The USD/JPY pair held on to its gains beyond the 114.00 handle, albeit has retreated few pips from fresh two-month tops touched in the past hour.
A modest pull-back in the US Treasury bond yields seems to be only factor failing to provide any fresh bullish impetus for the US Dollar and assist the pair in building on to its strong gains beyond May monthly highs resistance near 114.35-40 region.
• USD/JPY scope for a test of 114.35 – UOB
However, the prevalent risk-on environment, as depicted by strong gains in global equity markets, was seen weighing on the Japanese Yen's safe-haven appeal. This accompanied with today's dovish comments by the BoJ Governor Haruhiko Kuroda and prospects of additional Fed rate hike action this year remained supportive of the strong bid tone surrounding the major.

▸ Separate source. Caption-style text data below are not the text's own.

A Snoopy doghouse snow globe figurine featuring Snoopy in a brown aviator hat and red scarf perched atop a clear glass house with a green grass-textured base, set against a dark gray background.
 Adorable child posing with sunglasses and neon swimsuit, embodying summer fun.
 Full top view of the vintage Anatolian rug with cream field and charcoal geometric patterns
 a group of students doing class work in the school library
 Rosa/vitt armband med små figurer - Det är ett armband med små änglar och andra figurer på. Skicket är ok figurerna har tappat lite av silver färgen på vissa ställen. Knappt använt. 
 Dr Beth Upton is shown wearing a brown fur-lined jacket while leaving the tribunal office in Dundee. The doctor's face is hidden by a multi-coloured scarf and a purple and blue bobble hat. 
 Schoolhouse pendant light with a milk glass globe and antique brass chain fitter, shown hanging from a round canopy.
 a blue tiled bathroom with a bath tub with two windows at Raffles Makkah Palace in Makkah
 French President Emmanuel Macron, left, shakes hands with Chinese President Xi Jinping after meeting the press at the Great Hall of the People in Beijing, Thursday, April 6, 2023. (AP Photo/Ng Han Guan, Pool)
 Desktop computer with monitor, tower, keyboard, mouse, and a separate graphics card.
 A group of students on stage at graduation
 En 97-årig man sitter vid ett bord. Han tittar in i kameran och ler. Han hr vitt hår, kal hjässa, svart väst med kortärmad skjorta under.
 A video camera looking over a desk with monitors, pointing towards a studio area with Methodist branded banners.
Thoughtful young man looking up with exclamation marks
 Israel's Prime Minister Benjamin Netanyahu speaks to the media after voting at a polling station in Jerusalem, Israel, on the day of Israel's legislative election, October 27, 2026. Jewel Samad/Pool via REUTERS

In absence of any major market moving economic releases from the US, broader market risk sentiment and the US bond yield dynamics would remain key determinants of the pair's movement at the start of a new trading week.
Technical levels to watch
A strong follow through buying interest beyond the 114.35-40 immediate resistance has the potential to continue boosting the pair further towards the key 115.00 psychological mark en-route its next major hurdle near 115.30-35 region.
On the downside, retracement back below the 114.00 handle, leading to a subsequent drop below the 113.70 level, could drag the pair back towards a short-term ascending trend-line resistance breakpoint, now turned support near 113.25-20 region.